• [Work to be completed]: Reproduce each line below with no alterations.

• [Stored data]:
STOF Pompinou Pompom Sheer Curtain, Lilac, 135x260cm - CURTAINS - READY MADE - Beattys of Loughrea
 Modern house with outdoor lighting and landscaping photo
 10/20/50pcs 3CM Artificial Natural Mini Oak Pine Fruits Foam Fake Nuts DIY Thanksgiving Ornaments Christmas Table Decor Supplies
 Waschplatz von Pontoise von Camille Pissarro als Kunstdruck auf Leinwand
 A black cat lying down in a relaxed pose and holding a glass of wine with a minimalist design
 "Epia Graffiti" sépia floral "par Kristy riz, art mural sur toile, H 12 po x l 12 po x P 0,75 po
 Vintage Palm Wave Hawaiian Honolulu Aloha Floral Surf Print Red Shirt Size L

• [Response]:
STOF Pompinou Pompom Sheer Curtain, Lilac, 135x260cm - CURTAINS - READY MADE - Beattys of Loughrea
 Modern house with outdoor lighting and landscaping photo
 10/20/50pcs 3CM Artificial Natural Mini Oak Pine Fruits Foam Fake Nuts DIY Thanksgiving Ornaments Christmas Table Decor Supplies
 Waschplatz von Pontoise von Camille Pissarro als Kunstdruck auf Leinwand
 A black cat lying down in a relaxed pose and holding a glass of wine with a minimalist design
 "Epia Graffiti" sépia floral "par Kristy riz, art mural sur toile, H 12 po x l 12 po x P 0,75 po
 Vintage Palm Wave Hawaiian Honolulu Aloha Floral Surf Print Red Shirt Size L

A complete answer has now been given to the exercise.